[RECORD EXTRACTS — start]

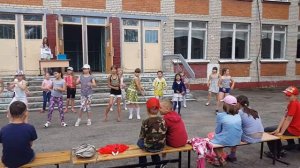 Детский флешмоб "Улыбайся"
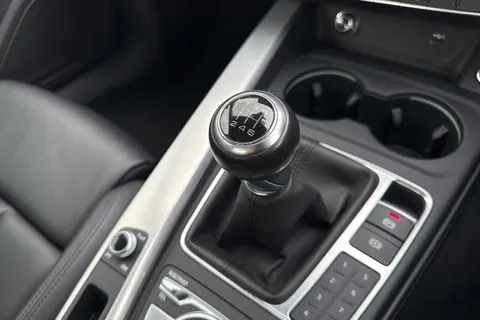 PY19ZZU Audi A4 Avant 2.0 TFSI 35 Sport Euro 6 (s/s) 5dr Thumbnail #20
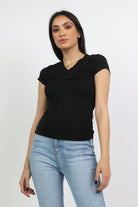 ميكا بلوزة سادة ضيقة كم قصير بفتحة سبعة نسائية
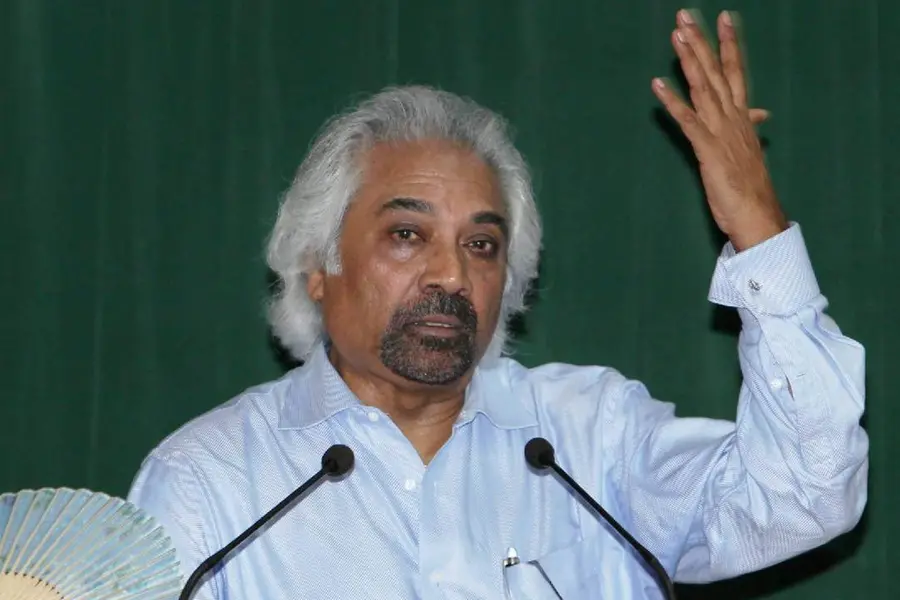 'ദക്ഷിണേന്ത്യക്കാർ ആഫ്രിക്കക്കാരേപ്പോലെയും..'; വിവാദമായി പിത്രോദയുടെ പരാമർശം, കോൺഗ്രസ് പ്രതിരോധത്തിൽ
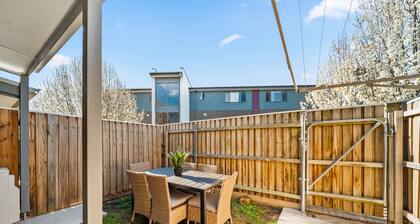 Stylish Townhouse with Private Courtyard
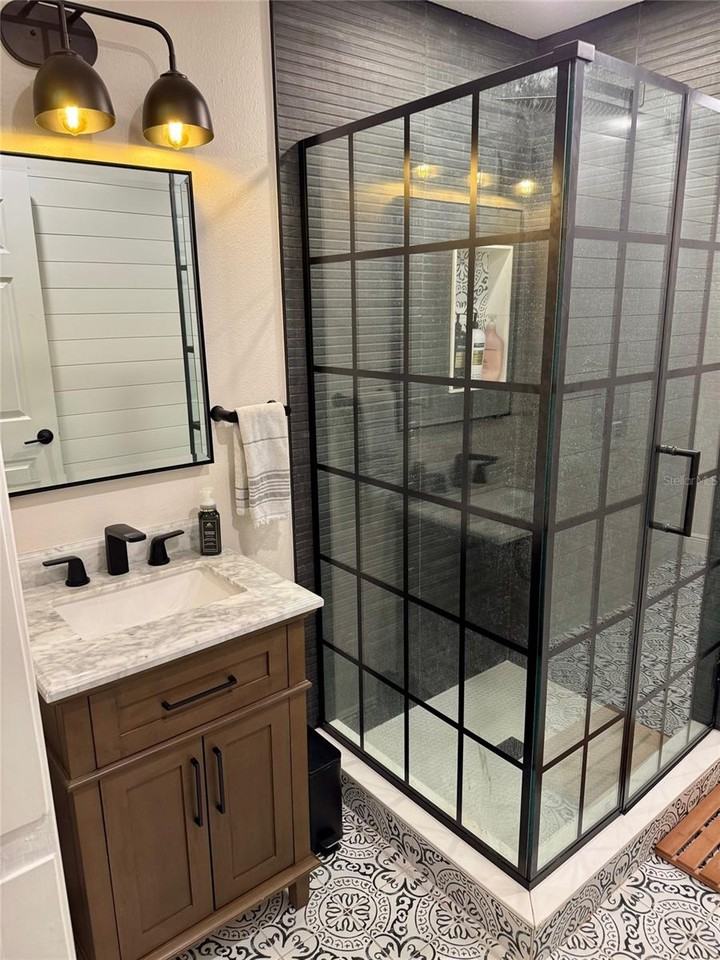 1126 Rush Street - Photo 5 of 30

[RECORD EXTRACTS — finish]
[RECORD EXTRACTS — start]

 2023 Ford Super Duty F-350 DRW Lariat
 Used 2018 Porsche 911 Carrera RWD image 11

[RECORD EXTRACTS — finish]

== EXERCISE REQUIREMENTS ==
Lines wanted from the listing above: the line with "2023 Ford Super Duty F-350 DRW Lariat" up to and including the line with "Used 2018 Porsche 911 Carrera RWD image 11". Please write them out exactly, adding nothing else.

== ANSWER AREA ==
 2023 Ford Super Duty F-350 DRW Lariat
 Used 2018 Porsche 911 Carrera RWD image 11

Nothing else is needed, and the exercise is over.